Sometimes I encounter the perception that fairy tales and fantasy belong to children and teens, and those of a more mature outlook want “realistic” fare. These adults say they want books that delve into real life issues, a perspective that ignores the concepts of life, death, and morality explored in fantasy literature. As writers of fantasy and scholars, Chesterton, Tolkien, and Lewis all wrote articulate rebuttals to the concept that fantasy belongs only to the young. I don’t intend to retake territory they’ve already covered, rather, I’d like to highlight the historical role of fantastic stories.
Through many centuries, fairy tales and fantasy stories were the province of adults, not children. Ancient civilizations passed down epics and sagas, stories permeated with the supernatural that still dealt with the realities of life. They spoke to the culture in which they were formed, but retained a timeless quality that allows many of them to have an audience today.

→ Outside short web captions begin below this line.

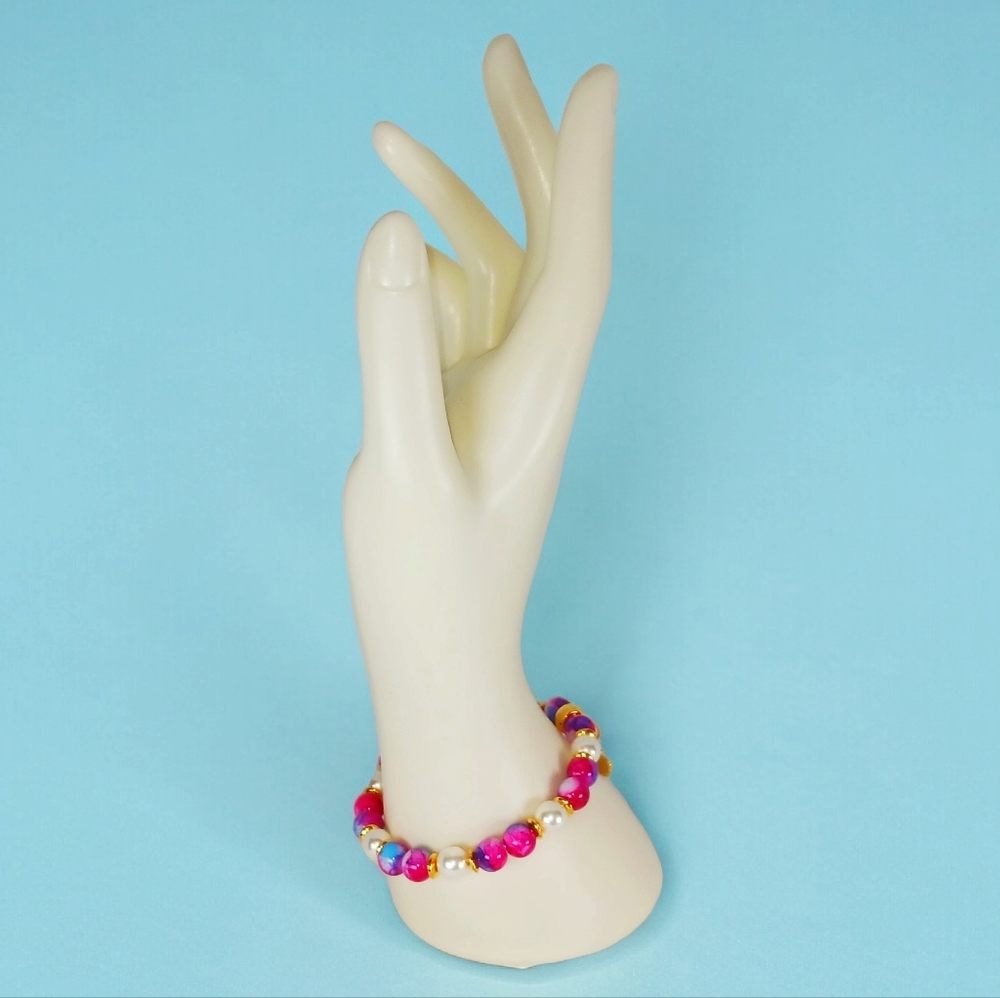 Pearl Multicolor Beads & Shell Charm Bracelet Mermaidcore Coastal Beachy 2000s - Picture 7 of 13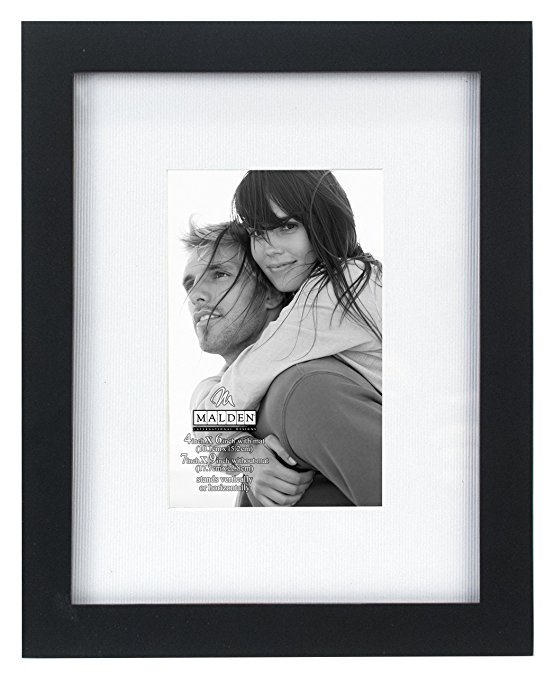 Malden International Designs Matted Linear Classic Wood Picture Frame, Black ( 4x6-Inches  )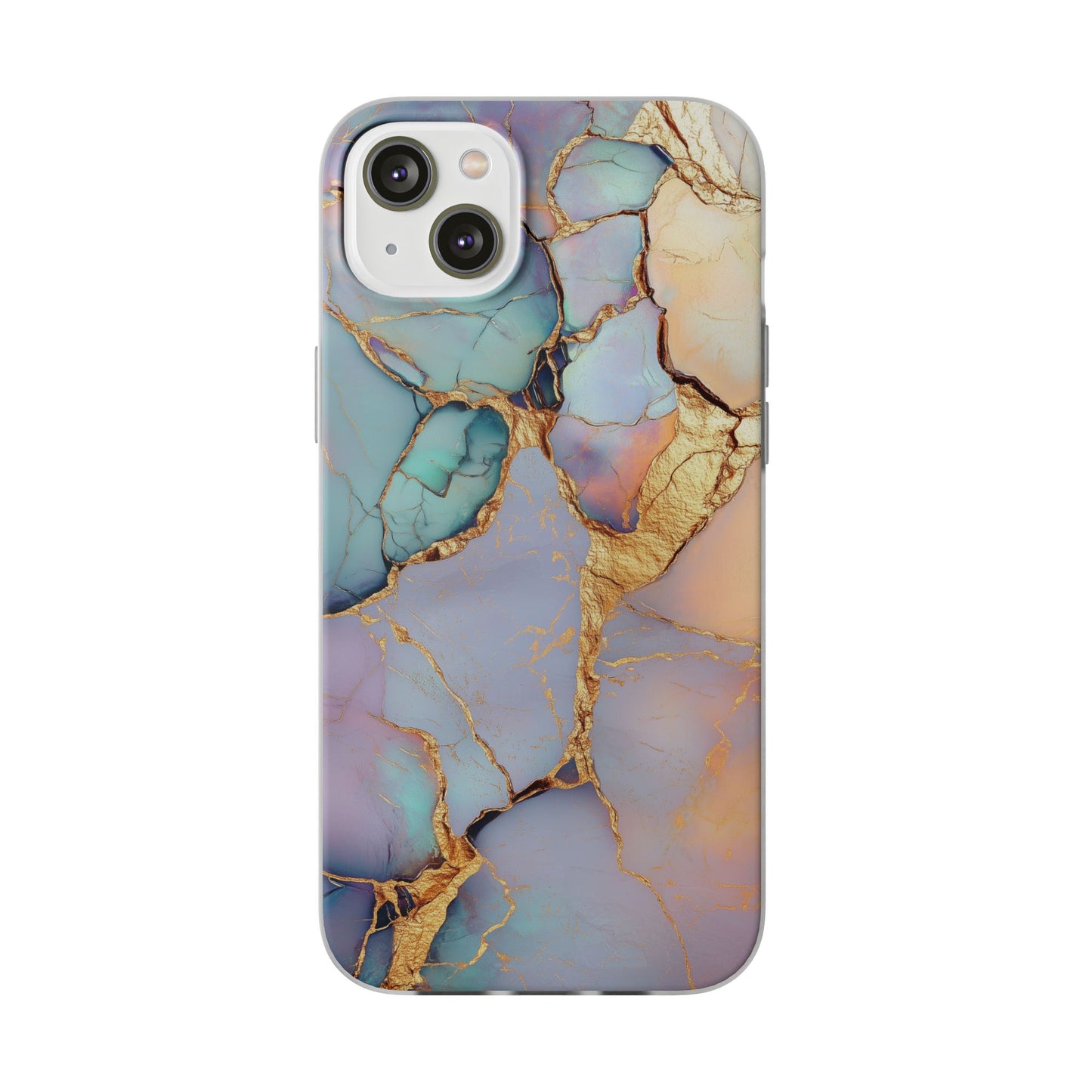 Iridescent Gold Cracks Flexi iPhone Case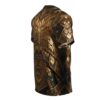 Gold and black realistic armor all over print sublimation tee with detailed plating and buckles, wrap around design.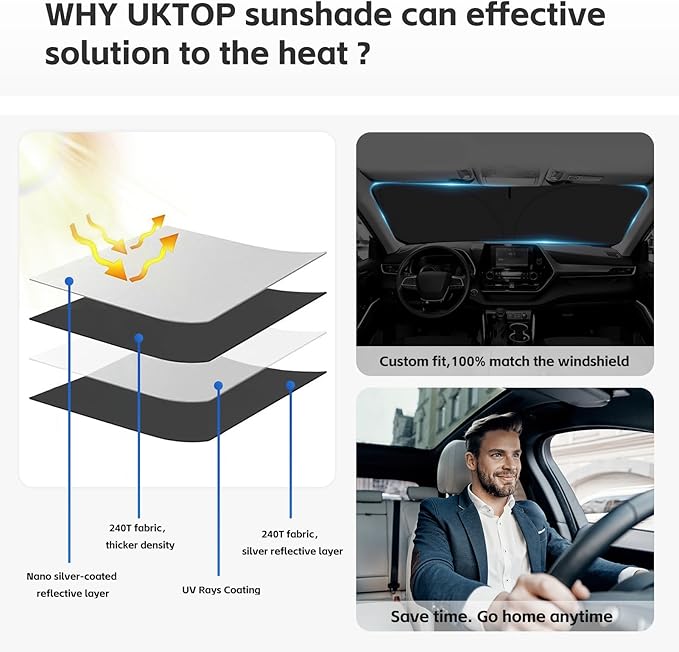 Sun Shade Sunshade for Lexus ES 2019-2024 2025 ES250 ES300h ES350 Windshield Cover, 4-Layers Sun Shield 250T Silver Coating Sun Visor Foldable Window Shade Blocks UV Rays Car Accessories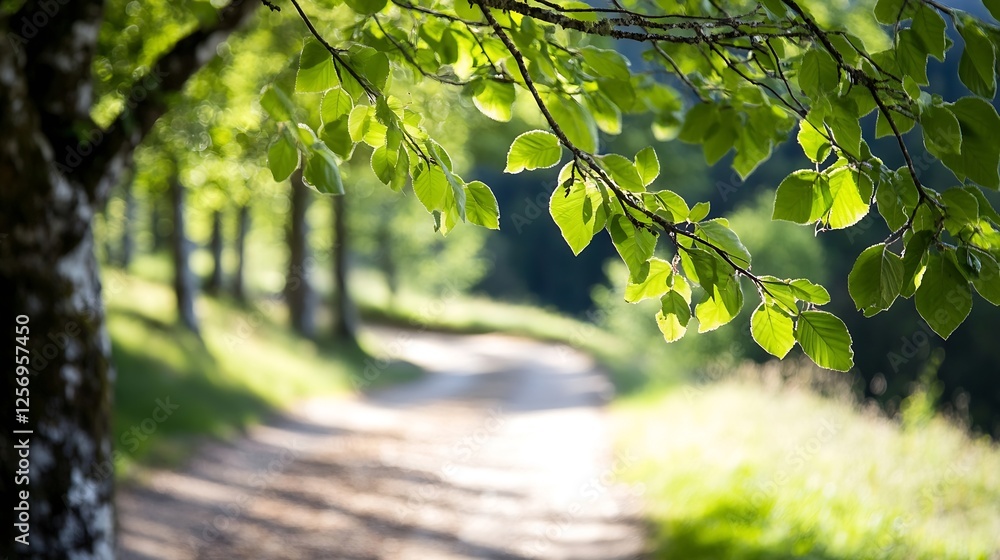 Poster Lush Green Foliage with Sunlight Filtering Through the Leaves Over a Scenic Path : Generative AI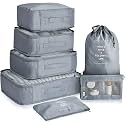 Claiez 7 Pcs Travel Organizer Pouch Packing Cubes for Clothes Space Savers Bags Cosmetics/Underwear/Socks/Shoes Toiletry Bag Laundry Organiser(Grey)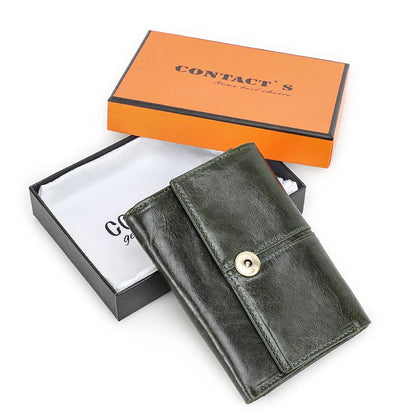 Damen Echtleder Kartenetui Vintage RFID Münzfach dreifach faltbar Kurzgeldbörse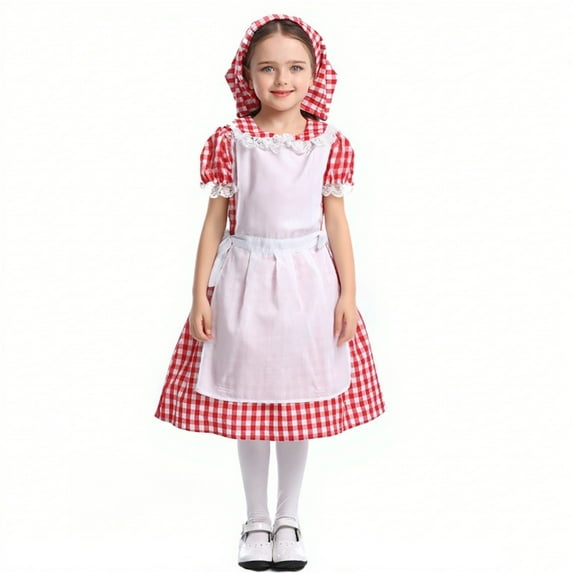 TEAJOPSUU Girls Oktoberfest Clothes Kids Tweens German Bavarian Dirndl Dress with Maid Apron Handscarf Traditional Clothing Set A-Red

So also the fables of old, exploring concepts of morality in a fantastic framework and attributed to men such as Aesop, were primarily fare for adult dialogue. It wasn’t until the 17th century, when John Locke and others suggested that they were well-suited to entertain and inform children that a new focus emerged and illustrated versions targeted at children became more common.
Like the epic fantasy tales of ancient and medieval lore and the fables passed down over many centuries, many famous fairy tales took their first written forms as stories penned for adults in the 17th and 18th centuries. Though they borrowed from earlier oral variants, these stories took on many of their distinctive elements during this era and explored the social realities of their day. Villenueve’s Beauty and The Beast is an excellent example of this, but many of the early written tales and collections of tales across cultures aimed to reach adults.
Thus the earliest fantastic tales explored varying perspectives of life and eternity, morals and virtue, but not in a manner aimed at children. Rather they primarily reached an adult audience, and today they can accomplish both. Perhaps Lewis expressed it best when he said, “The Fantastic or Mythical is a Mode available at all ages for some readers; for others, at none. At all ages, if it is well used by the author and meets the right reader, it has the same power: to generalise while remaining concrete, to present in palpable form not concepts or even experiences but whole classes of experience and to throw off irrelevancies. But at is best it an do more; it can give us experiences we have never had and thus, instead of ‘commenting on life,’ can add to it.”